2 on 1 to guillotine choke
Get his head down low, then just reach around his neck with the R hand and move to the guillotine choke.
“Ten finger” guillotine
The basic guillotine has a pretty basic and well-known counter – the guy just puts his R arm over your L shoulder and makes you lift his whole body instead of just his neck.
This variation prevents that counter.
Wrap his neck with your R arm as for a basic guillotine. Your R palm is facing your chest.
Your L hand joins your R in an S grip, thumb rotates inward and down, your L palm facing away. Keep the S grip fairly loose.

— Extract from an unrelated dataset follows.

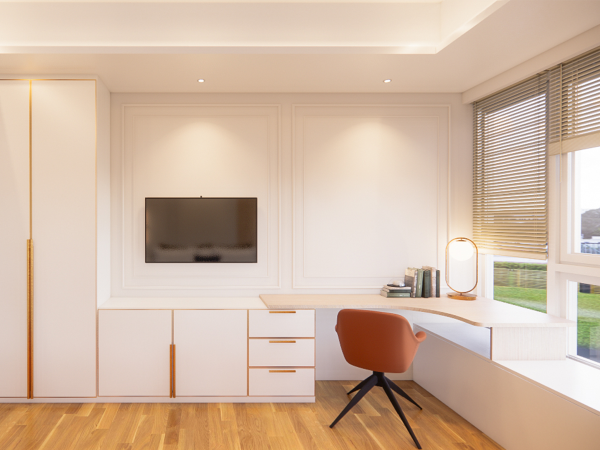 A well-organized home office with a white built-in desk and cabinetry, a terracotta chair, and natural light from a window with blinds. This image captures a serene home office space that balances functionality with sophisticated design. The room is bathed in natural light from a large window adorned with sleek blinds, which gently filter the light and offer a view of the outdoors. A white built-in desk extends along the window's length, providing a spacious work area. The desk is flanked by white cabinetry with subtle detailing and golden handles that add a touch of warmth and luxury. Above the desk, a flat-screen television is mounted on a recessed panel, which adds depth to the space. An elegant terracotta chair with a black base offers a comfortable seating option, its color providing a striking contrast against the room's neutral palette. The herringbone-patterned wooden floor complements the furniture's clean lines, while a minimalist table lamp with a round mirror surface enhances the ambiance. This home office design promotes a clutter-free environment that encourages focus and productivity, reflecting contemporary trends in interior design.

Now put your L elbow on the top of his R shoulder. He cannot reach up eith his R arm any more. You have nullified the counter.
To finish the choke, twist your R forearm clockwise as you lift up.
John also showed us a nice flow from fence, into 2 on 1, into gooseneck come-along.
When learning techniques, after you have learned them step by step, try to practice them SLOWLY but continuously. Don’t go faster than you can think. don’t even roll faster than you can think.
John answered questions at the beginning about:
Escaping front control
Remember, you are trying move you feet and body away from his, so don’t bridge or shrimp! Practice the reverse hip escape.
If your hands and elbows are in the correct position, between you and him, use the pendulum escape. Try and see daylight each side as you pendulum.
Don’t get in the position where his elbows are on the ground in front of yours. But if you do, grab his belt and move yourself away until your arms are straight, the back-roll over a shoulder and get the hook in on that side. Transfer to tho other shoulder, get the other hook in and end up on his back.
Escaping headlock and switchbase side control.
Headlock – bridge into him, pushing his head toward his feet, pull your elbow out, go to his back.
Switchbase side control. He is on your R. Per last seminar, pinch his hips between your near elbow,and your hip so he is attached to you, you move one inch, he moves one inch. Feet up close to him. Bridge hard into him, move your L foot up to your R and slide your R knee underneath him so he is in your lap. Let your L leg go limp and shimmy under so he ends up on your L on his back with you on top.